- Jack McDevitt
I don’t think I’ve ever met a reader who hasn’t mentioned an inclination, or a flat-out determination to become a science fiction writer. Ask why it hasn’t happened and the normal reply is “I just don’t have the talent.” The truth is, we all tend to undersell our abilities,
Robert Sawyer’s book, Relativity, has been around for about fifteen years. It’s a collection that includes eight short stories, a group of intriguing essays on a wide range of topics, and a few speeches delivered while Rob was collecting his assorted prizes.
The essays are divided into two sections: general information and writing techniques. Rob is of course aware of everyone’s interest in writing and he’s interested in being of assistance. At one point he lays out Robert Heinlein’s six rules :
1. You must write.
2. Finish what you start.
3. Refrain from rewriting, except to editorial order.
4. Put your story on the market.
5. Keep it on the market till it sells.
6. Start working on something else.
He concludes by stating that only one or two percent of people trying to launch a writing career will follow all six rules. But if you have “at least a modicum of talent,” and you pursue them, “you will make it.”

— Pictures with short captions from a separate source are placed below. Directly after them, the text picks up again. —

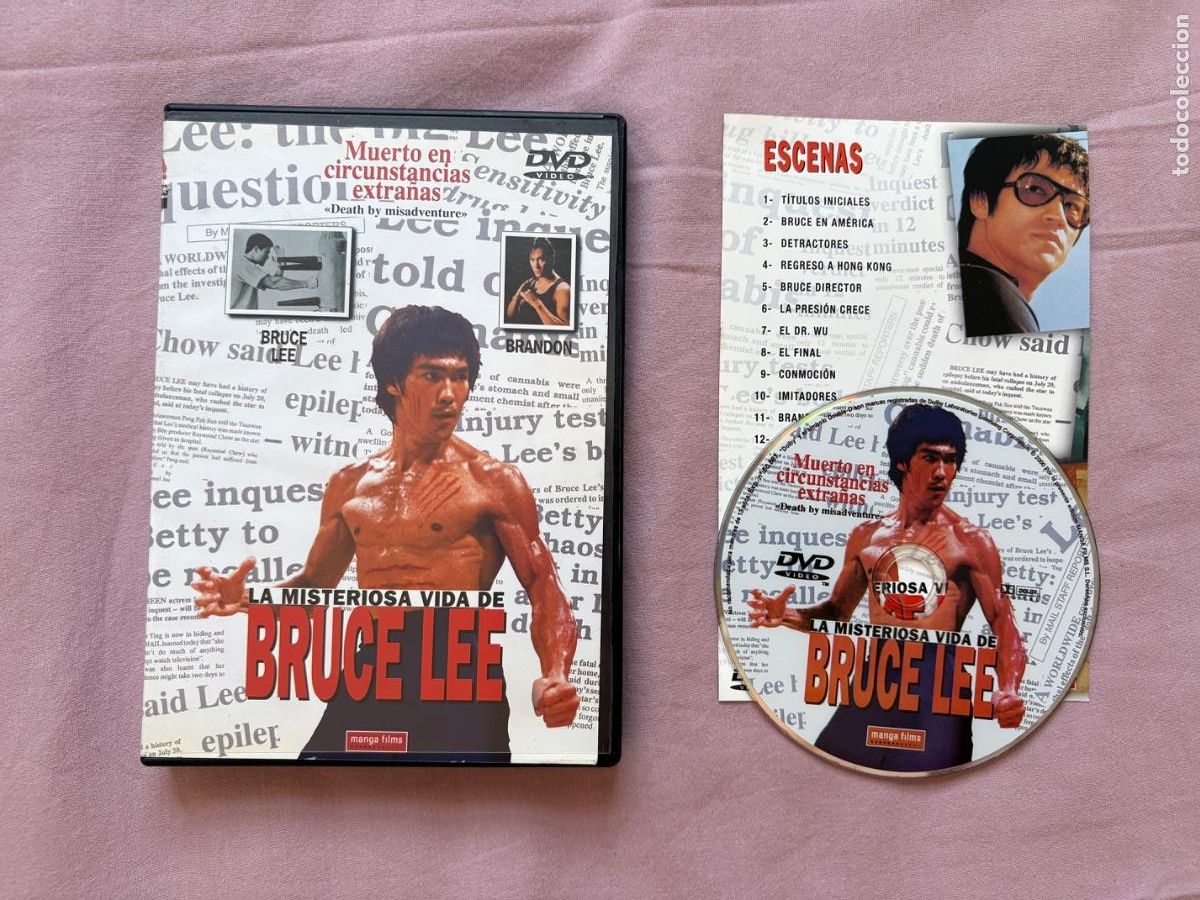 Kino: DVD6. LA MISTERIOSA VIDA DE BRUCE LEE DVD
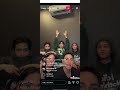 SB19 IG live 07-09-2024 for 100m views of MAPA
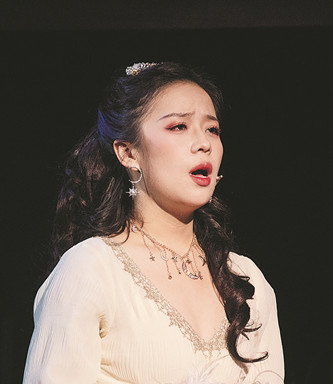 陳玉婷：《大彗星》主演，音樂(lè)劇《羅密歐與朱麗葉》中文版女主角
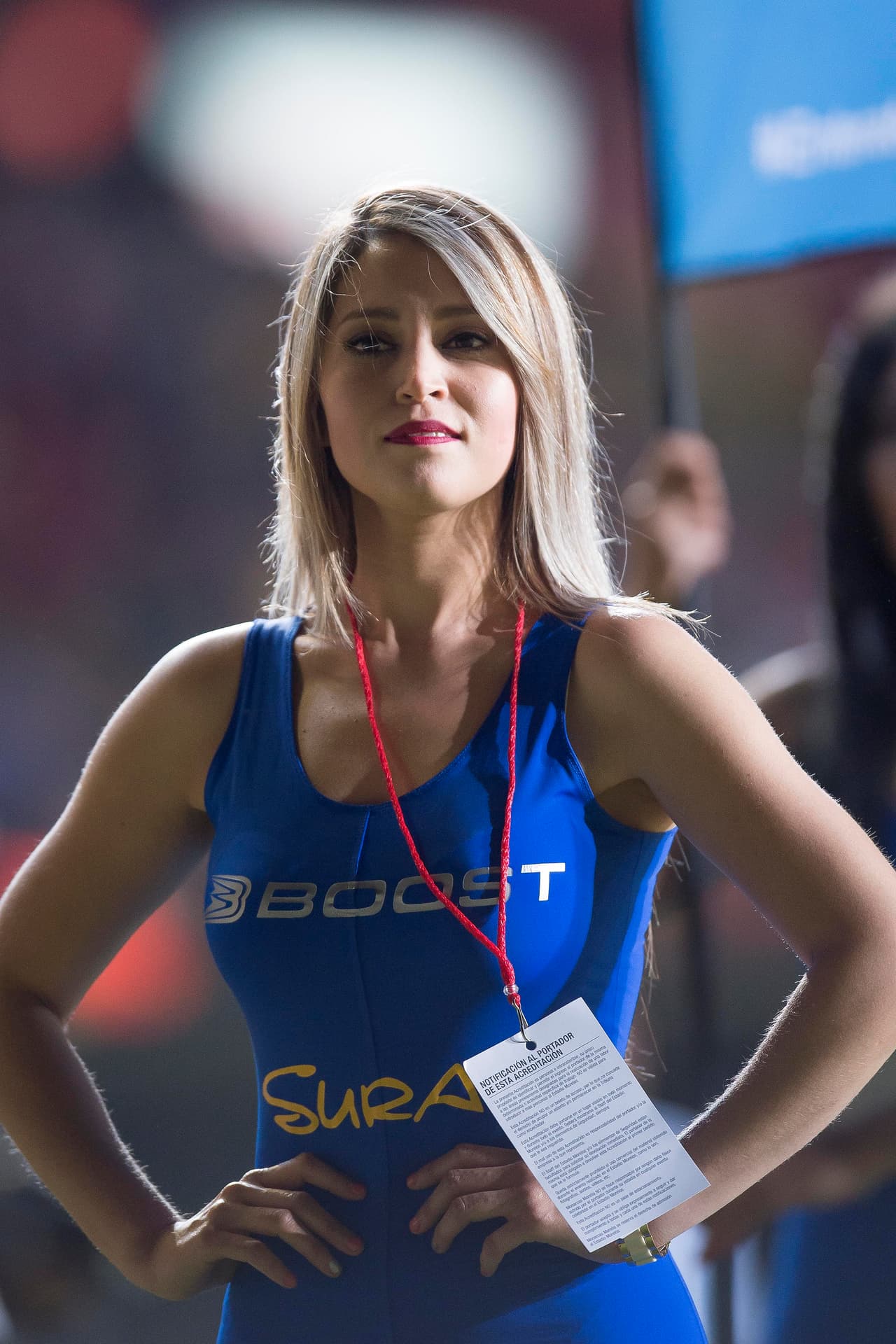 La belleza de las porristas en la fecha 3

I agree. Most people who read extensively certainly have the talent to write at a professional level. The problem isn’t lack of talent, it’s lack of technique.
Rob discusses the technique. In a series of short essays in Relativity, he informs us what is needed to get the job done, to break through and get that first sale. Keeping in mind that the goal of the professional fiction writer is not to tell a story, but to create an experience, Rob explains in clear language what is needed to make it happen.